> _Task_: Repeat the listing below line by line, exactly, leaving its pictures behind.

▬▬▬

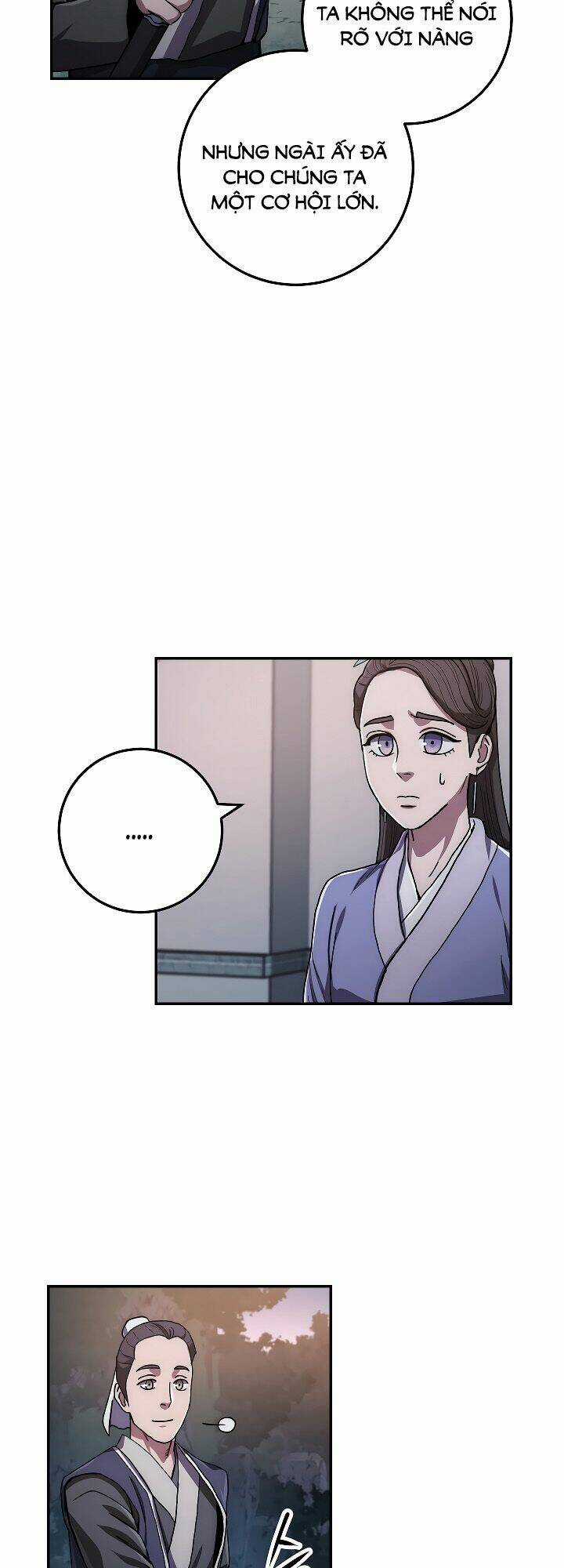 Huyền Thoại Tu La Độc Long Chapter 23 trang 48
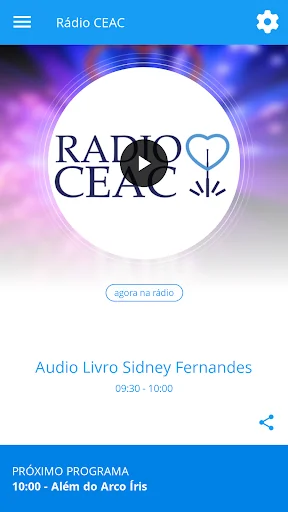 Rádio CEAC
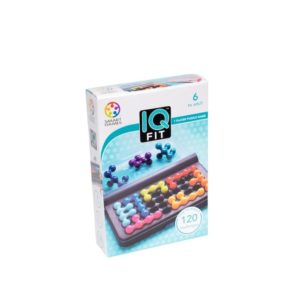 IQ FIT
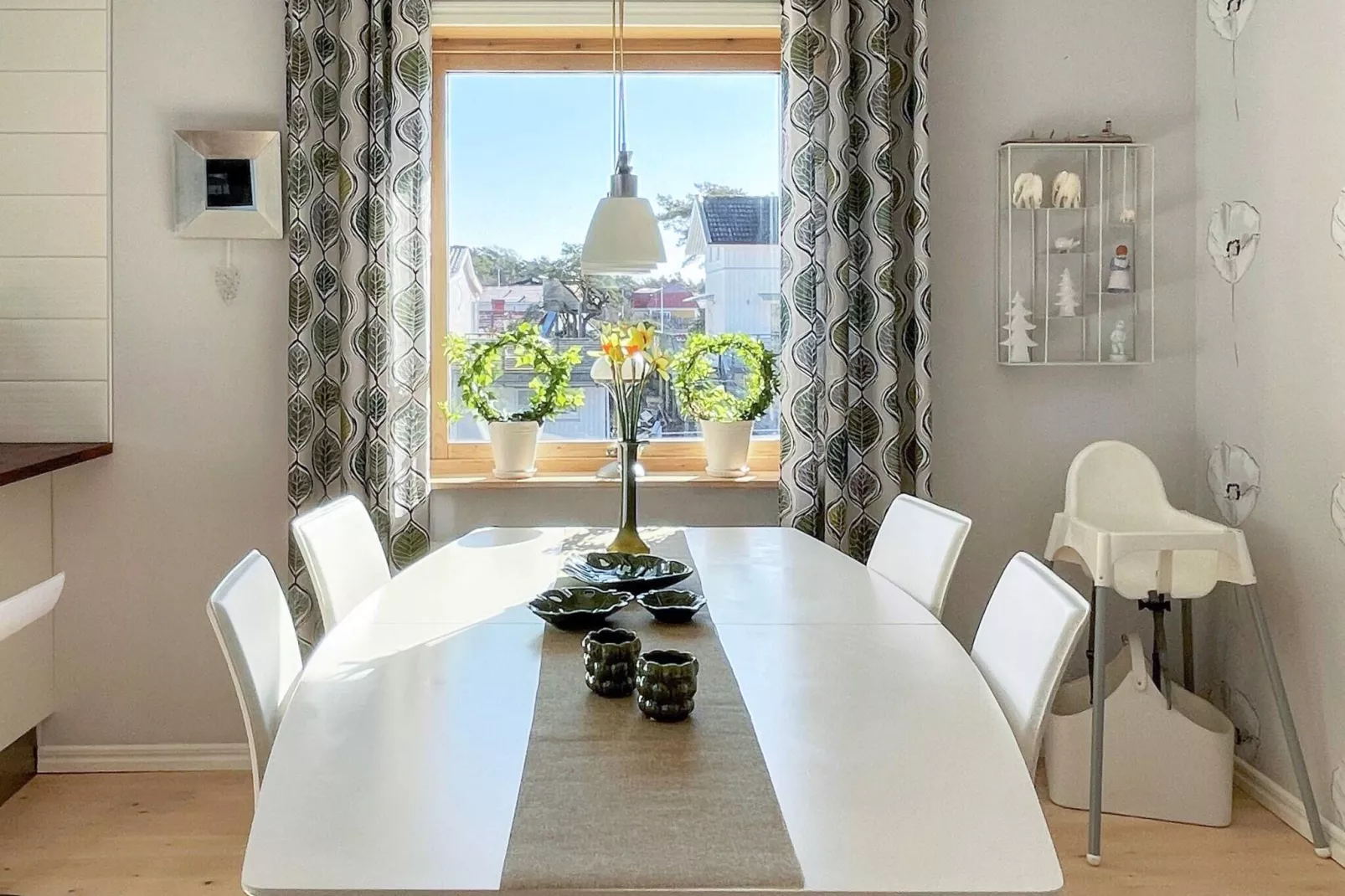 8 persoons vakantie huis in Vastra frolunda-Binnen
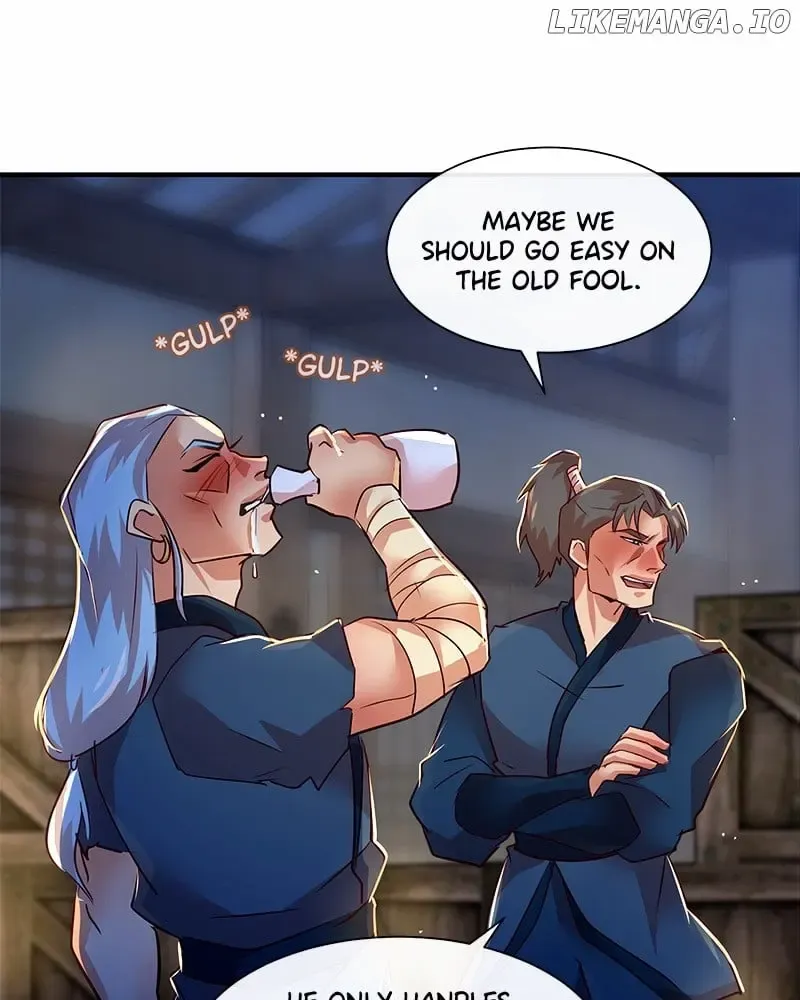 Subzero Chapter 193 Online - página 68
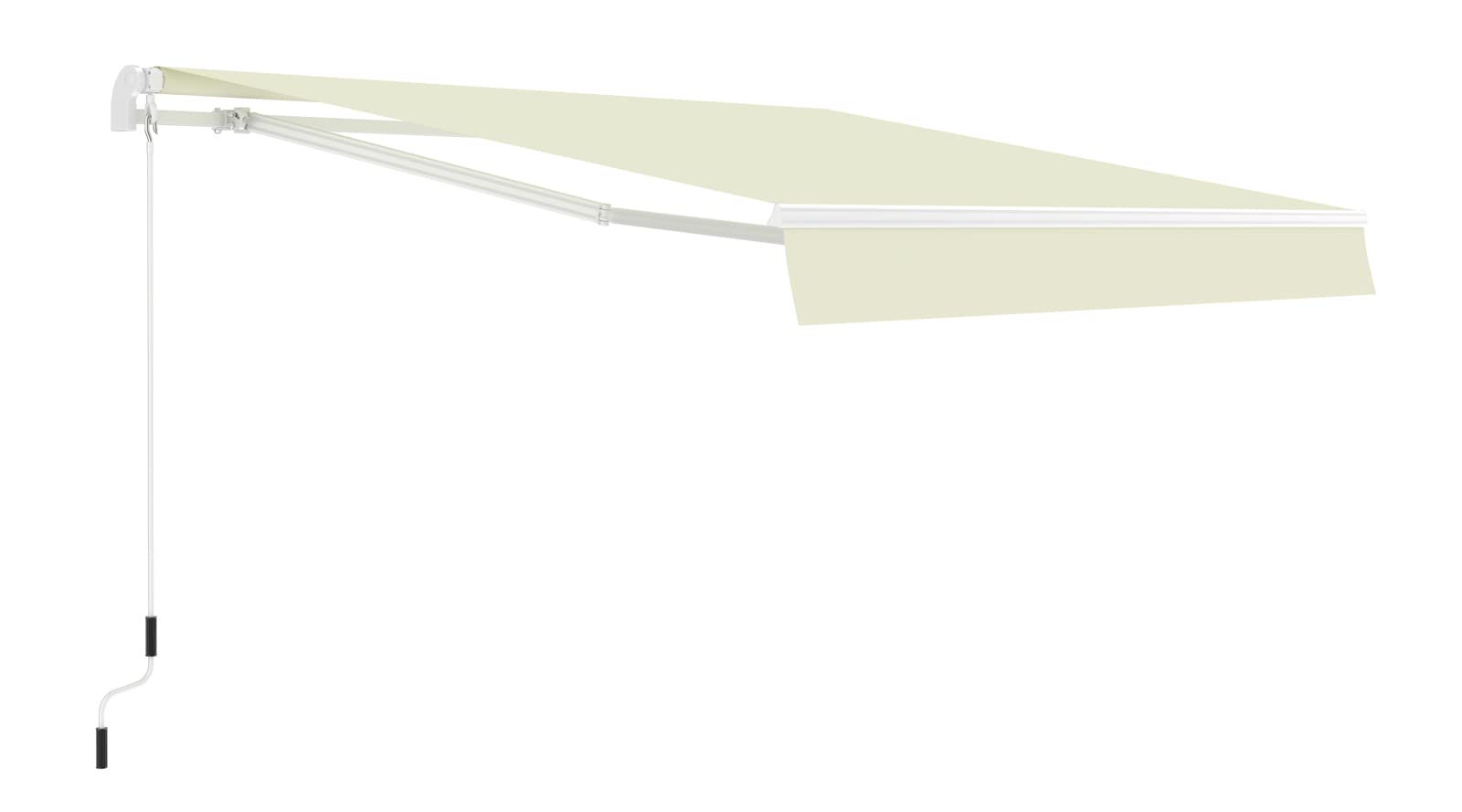 jet-line-sunconnect-gelenkarmmarkise-beige-3-x-2-5-m-mit-handkurbel image 4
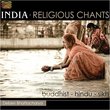 India: Religious Chants (W/Book)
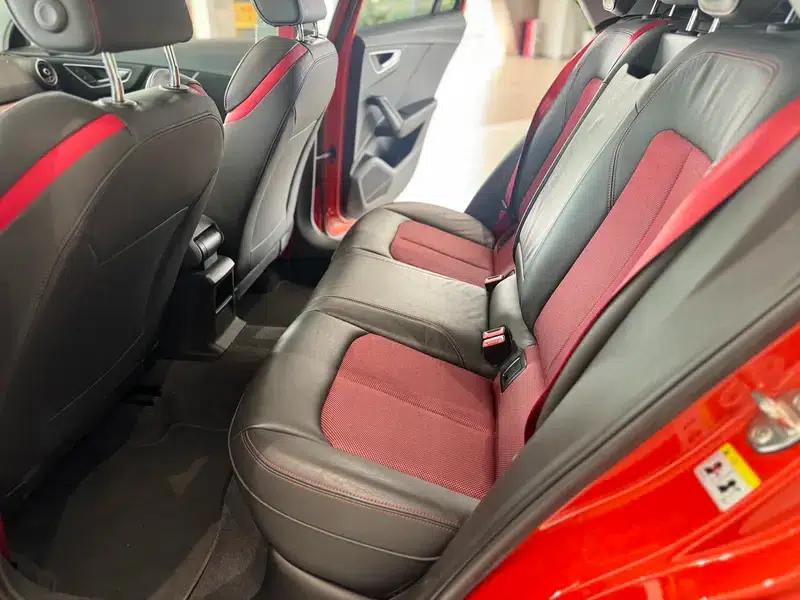 Audi Q2L 2021 35TFSI Fashion Dynamic Edition — миниатюра 14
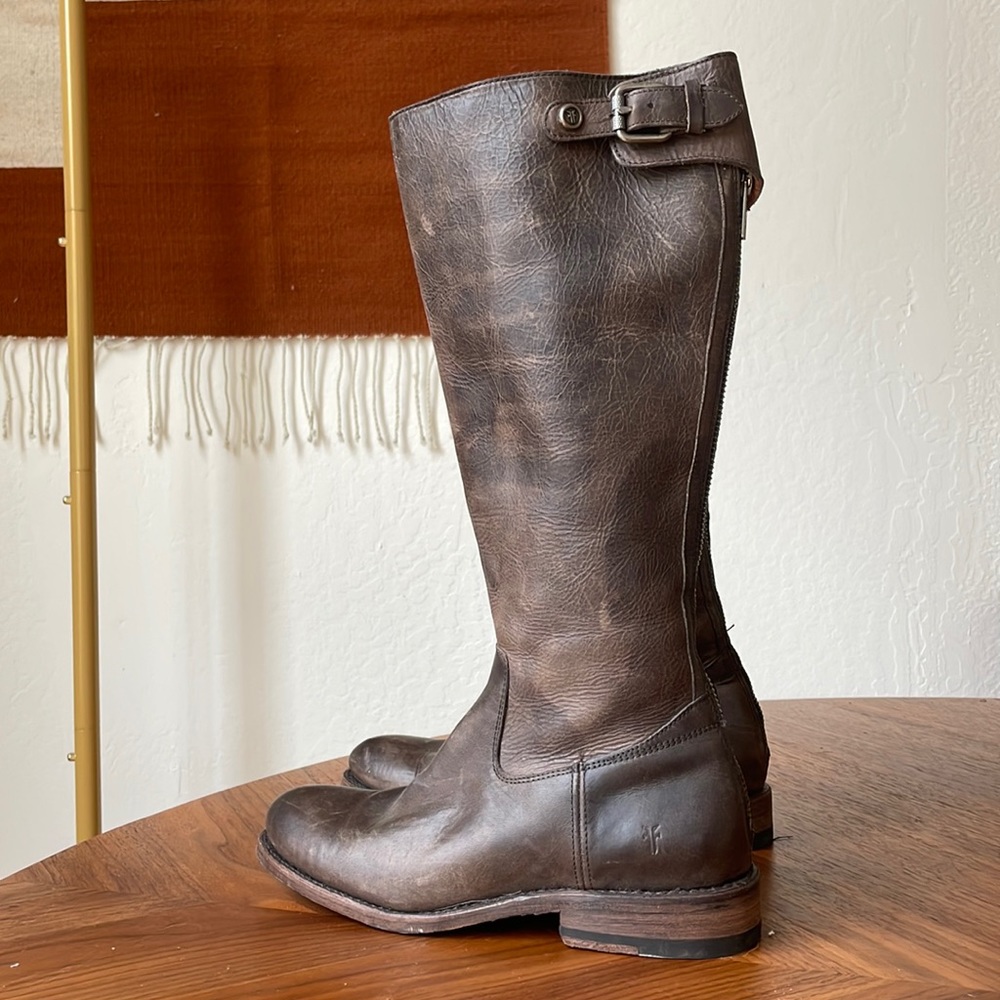 Frye Boots 6.5 Good condition!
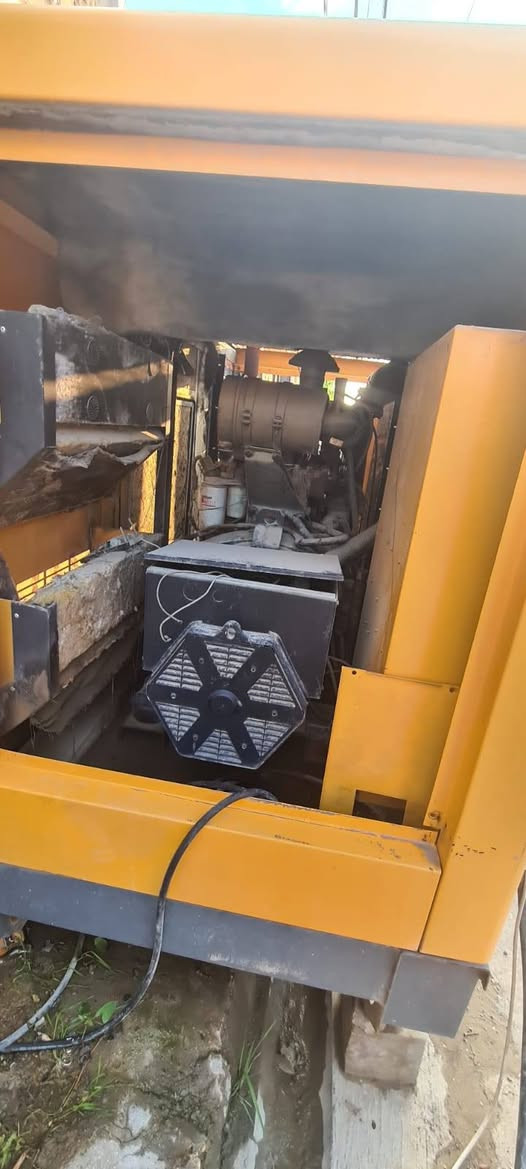 مولد للبيع شغال فول شرط نضافه 50كي
موقع ديالئ بعقوبه ***********
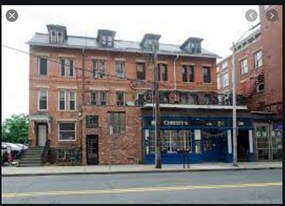 267 Orange St, Unit 2 in New Haven, CT - Building Photo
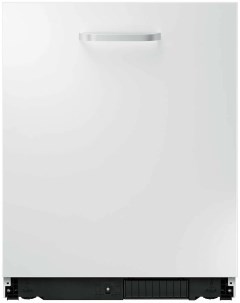 Посудомоечная машина встраиваемая полноразмерная DW60M6050BB WT белый DW60M6050BB WT Samsung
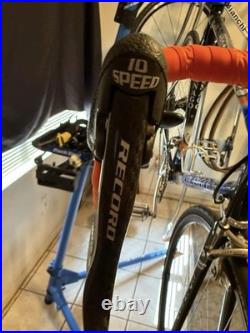 COLNAGO C40 B-STAY Campagnolo Record carbon 56cm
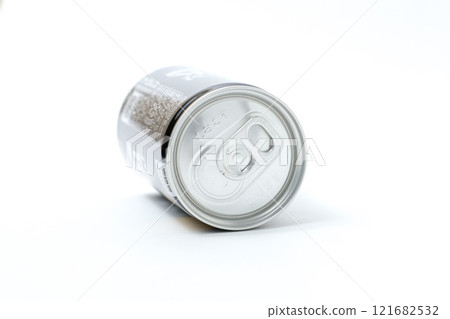 aluminum can, empty can, can, drink, drinking water, tab, pull tab, juice, aluminum, can, aluminum, beverage 121682532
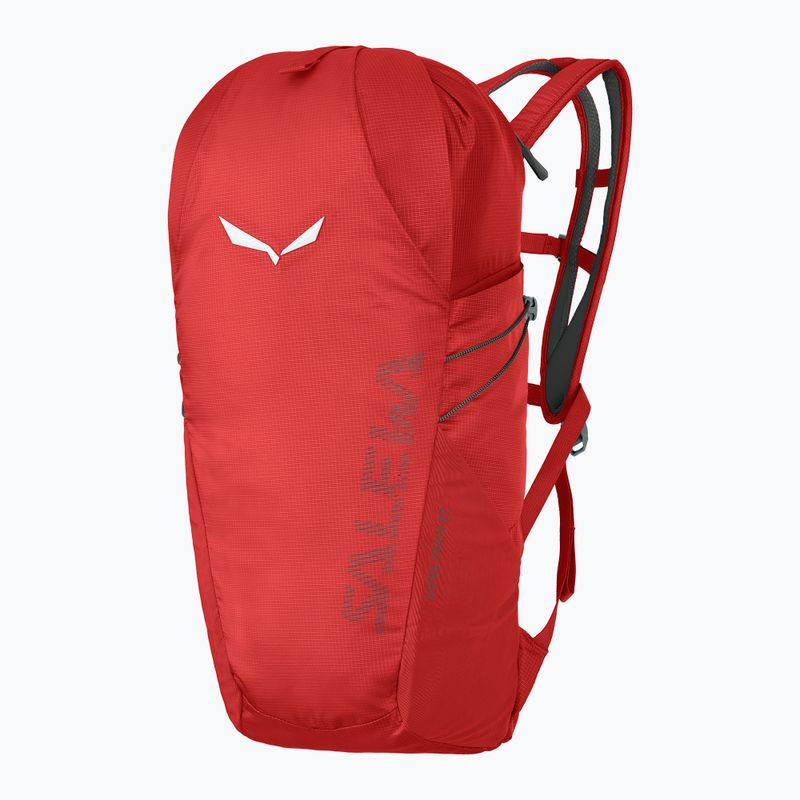 Turistinė kuprinė Salewa Ultra Train 22 l flame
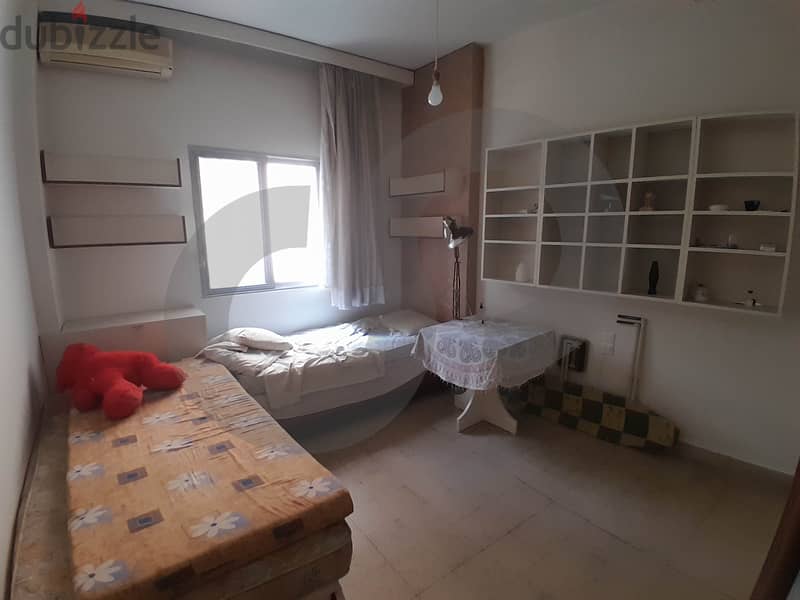 apartment for rent in Achrafieh /الأشرفية REF#AS103630 3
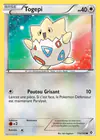Carte Togepi 110/149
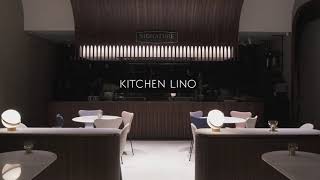 KITCHEN LINOLG Signature Kitchen Suite [upl. by Trebuh]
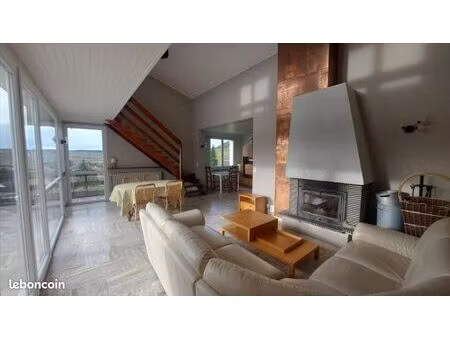 maison 7 pièces 160 m²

▬▬▬

> _Your solution_:
 Huyền Thoại Tu La Độc Long Chapter 23 trang 48
 Rádio CEAC
 IQ FIT
 8 persoons vakantie huis in Vastra frolunda-Binnen
 Subzero Chapter 193 Online - página 68
 jet-line-sunconnect-gelenkarmmarkise-beige-3-x-2-5-m-mit-handkurbel image 4
 India: Religious Chants (W/Book)
 Audi Q2L 2021 35TFSI Fashion Dynamic Edition — миниатюра 14
 Frye Boots 6.5 Good condition!
 مولد للبيع شغال فول شرط نضافه 50كي
موقع ديالئ بعقوبه ***********
 267 Orange St, Unit 2 in New Haven, CT - Building Photo
 Посудомоечная машина встраиваемая полноразмерная DW60M6050BB WT белый DW60M6050BB WT Samsung
 COLNAGO C40 B-STAY Campagnolo Record carbon 56cm
 aluminum can, empty can, can, drink, drinking water, tab, pull tab, juice, aluminum, can, aluminum, beverage 121682532
 Turistinė kuprinė Salewa Ultra Train 22 l flame
 apartment for rent in Achrafieh /الأشرفية REF#AS103630 3
Carte Togepi 110/149
 KITCHEN LINOLG Signature Kitchen Suite [upl. by Trebuh]
 maison 7 pièces 160 m²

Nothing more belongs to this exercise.